There are many classes and clubs at both the high school and college level that give students hands on experience.
Some of the activities offer an instant impact.
In just over a month multiple high schools and colleges will all compete to see who can build and drive a car the farthest using the fewest resources including gas.
Not only is it a tough task challenging students’ design and engineering skills, but it’s an issue car makers have been fighting for decades.
When going on spring break in the upcoming weeks or the next time you are in a car think about how nice it would be to not have to worry about gas prices or stopping to fuel up; instead incredible fuel efficiency would power your journey.
Students at Rose-Hulman say the cars may not be practical yet, but that’s what these competitions are for.
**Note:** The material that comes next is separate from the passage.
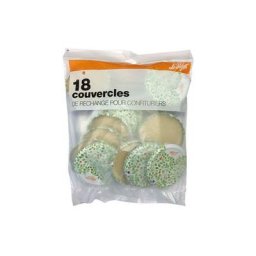 Couvercle pour confiturier d: 82 mm- lot de 18 - Le Parfait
At the national competition in Detroit, high schools will also be competing, which includes the Golden Arrows of Sullivan High School.
The arrows tune their tools for that weekend, not only gaining more experience for the work field. But also to add more hardware to the collection.
For a few in the program, their plans after high school are not in the automotive field junior Jakob Barney hoped to become a doctor, but after wrenching on the car, he is leaning towards something in both fields. No matter his choice, being in the club teaches skills beneficial to any career path.
“This just taught years of problem solving skills. How to determine a problem how to fix it, how to come up with the best solution to make something better,” says Barney.
Rose-Hulman works with sponsors which helps them fund their team, while Sullivan High School’s budget relies mainly on local community donations.